Nigeria’s anti-graft agency had sued Cheney and nine executives including obtaining a warrant of arrest for Cheney, who was Halliburton's CEO in the late 90s, for allegedly distributing bribes to Nigerian officials.

The bribes totaling $180 million according to court papers were paid between a 1994 and 2004.

Three other companies linked in the bribery scheme, ENI, Technip and Gasoline Corporation, Japan, paid $32.5million; $30million) and $30million respectively in penalties as part of a plea deal.

THEWILL had in an exclusive report on December 13, 2010, detailed how representatives of the Nigerian government, top executives of Halliburton, former US President George Walker Bush (Snr) and former US Secretary of State, Mr. James Baker negotiated in London and reached a settlement that Halliburton would pay about N20 billion naira in fine including helping Nigeria recover about $130 million from a Swiss bank account set up by a former agent of the company.

Top Nigerian officials who were at the meeting are; Attorney General of Federation and Justice Minister, Mr. Mohammed Bello Adoke (SAN); Secretary of the Economic and Financial Crimes Commission (EFCC), Mr. Emmanuel Akomaye; legal luminaries, Damian Dodo (SAN); Godwin Obla and the Executive Secretary of the National Human Rights Commission, Roland Ewubare.

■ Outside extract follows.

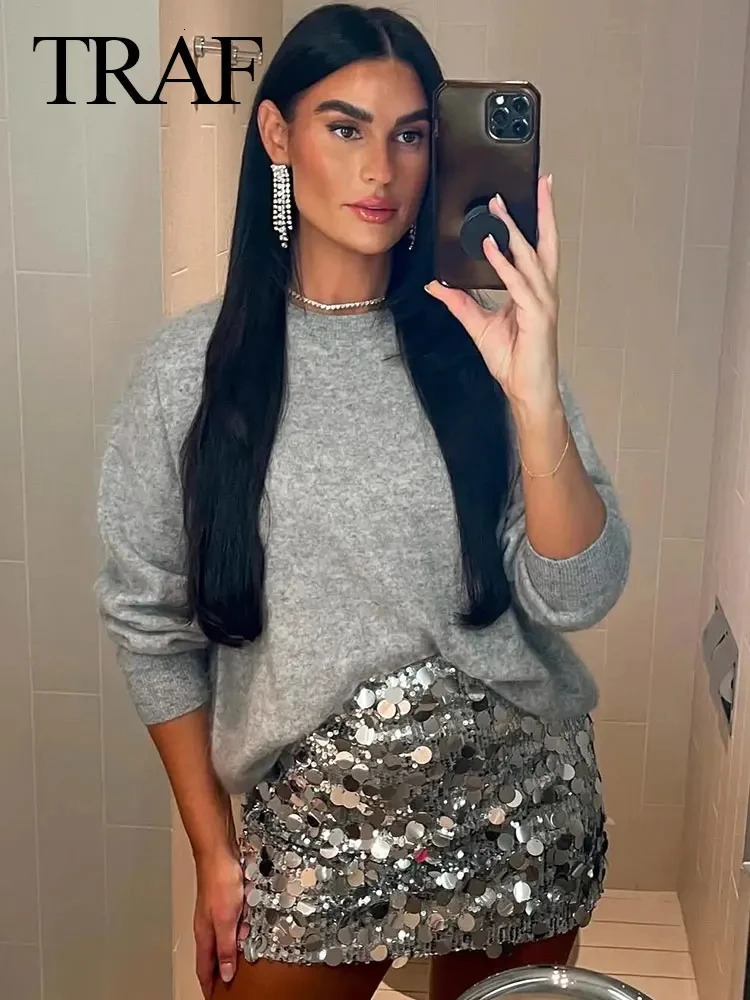 TRAF Sequin Skirt For Women Fashion Shiny Sexy Mini Skirts Y2k Vintage Solid High Waist Slim Skirts Lady Party Club Clothing 240228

A two paragraph statement by Halliburton today obtained by THEWILL said: “Halliburton (NYSE: HAL) announced today the resolution of the previously disclosed investigation by the Federal Government of Nigeria (FGN) arising out of allegations of improper payments to government officials in Nigeria in connection with the construction and subsequent expansion by a joint venture known as TSKJ of a natural gas liquefaction project on Bonny Island, Nigeria, in which Halliburton's former subsidiary KBR, Inc. had an approximate 25 percent interest.

“Pursuant to this agreement, all lawsuits and charges against KBR and Halliburton corporate entities and associated persons have been withdrawn, the FGN agreed not to bring any further criminal charges or civil claims against those entities or persons, and Halliburton agreed to pay US$32.5 million to the FGN and to pay an additional US$2.5 million for FGN’s attorneys’ fees and other expenses. Among other provisions, Halliburton agreed to provide reasonable assistance in the FGN’s effort to recover amounts frozen in a Swiss bank account of a former TSKJ agent and affirmed a continuing commitment with regard to corporate governance. Any charges related to this settlement will be reflected in discontinued operations,” the company said in it Tuesday statement.

A senior official of the Nigerian government who chose to remain anonymous confirmed the payments to THEWILL.